In order to address this bottleneck of experimental information capture, CESG explored the use of a lightweight tablet PC with built-in wireless connection and the ability to recognize handwriting as the user interface to record data and observations during the purification process. This system was also linked to a barcode inventory control system for identification and retrieval of the frozen cell pastes available for purification. The tablet and scanner is shown at left. The tablet is a Fujitsu Stylistic ST5112 Tablet PC and the scanner is a Datalogic Lynx BT reader.

These provided the vehicle to interface with an Excel-based spreadsheet and the Sesame (LIMS) system. Thus, the data that the report generates was easily imported into Excel. The tablet was also coupled with a Bluetooth enabled scanner which allowed for inventory control of cell pastes available for purification.

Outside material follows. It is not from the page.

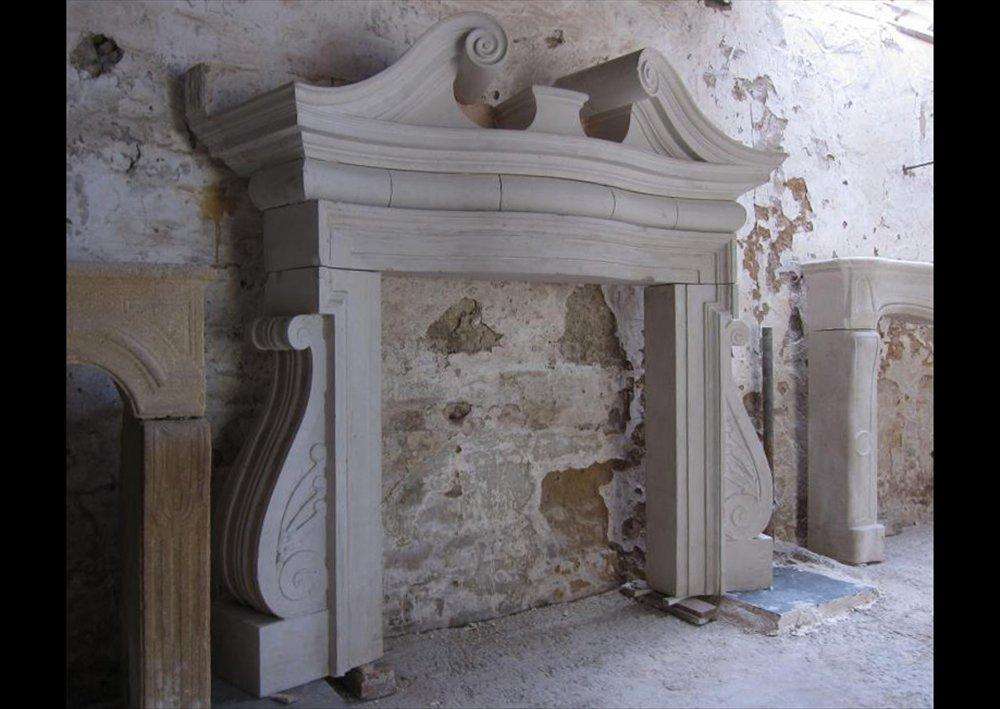 A Dramatic English Portland Stone Fireplace In The Palladian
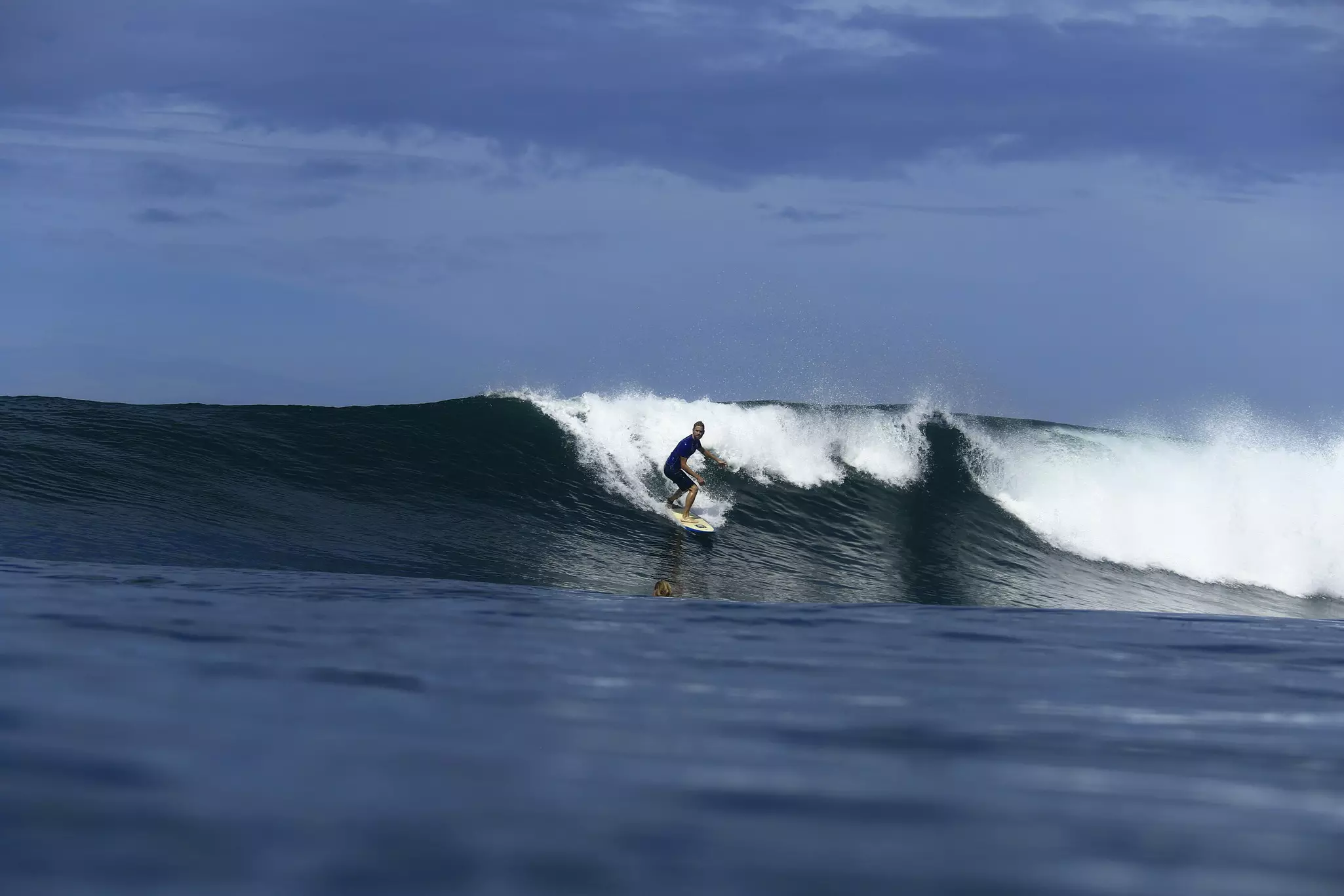 A surfer ridinng a wave.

Advantages of the Tablet Input System

  • Allows data recording and progress assessment to happen anywhere in the lab, and in real-time.
  • As data is entered into this spreadsheet, all necessary calculations are automatically processed, and as an electronic form, it could be sent to anyone around the world. Coupled with on-line, 24 h access to Sheherazade, which is straightforward, supporting gels and other experimental data files can also be viewed in real-time.
  • The lightweight and portability of the tablet makes its use practical in the laboratory setting.
  • Time saving arises from the availability of automatic calculations and error reduction is provided by the clear text format, which now replaces what a scrawled number or word written on the fly during a procedure.
  • Like the paper form it replaced, the tablet has the ability to capture graphic images. For example, a critical point can be circled or an arrow can be drawn to bring attention.

  • A worker at the chromatography chamber, recording gel filtration column data and run parameters (left),
  • at the gel box, assessing purity and size of purified protein targets (middle),
  • and scanning cell pastes and adding them to inventory (right).

Use of the System for Inventory Control: All cell pastes grown in Large-Scale got a barcode that link3e to Sheherazade. The record contained the expression, solubility, and cleavage results for the protein candidate for purification, plus cell mass. An inventory report was developed in Sheherazade that returns all the testing results, vector information, and whether or not a particular sample is an outside request. This report is fed into an Access based database, which has been coded to sort the cell pastes, allowing for easy selection. Outside requests received the highest priority and, then, cell pastes are sorted based on suitability scores.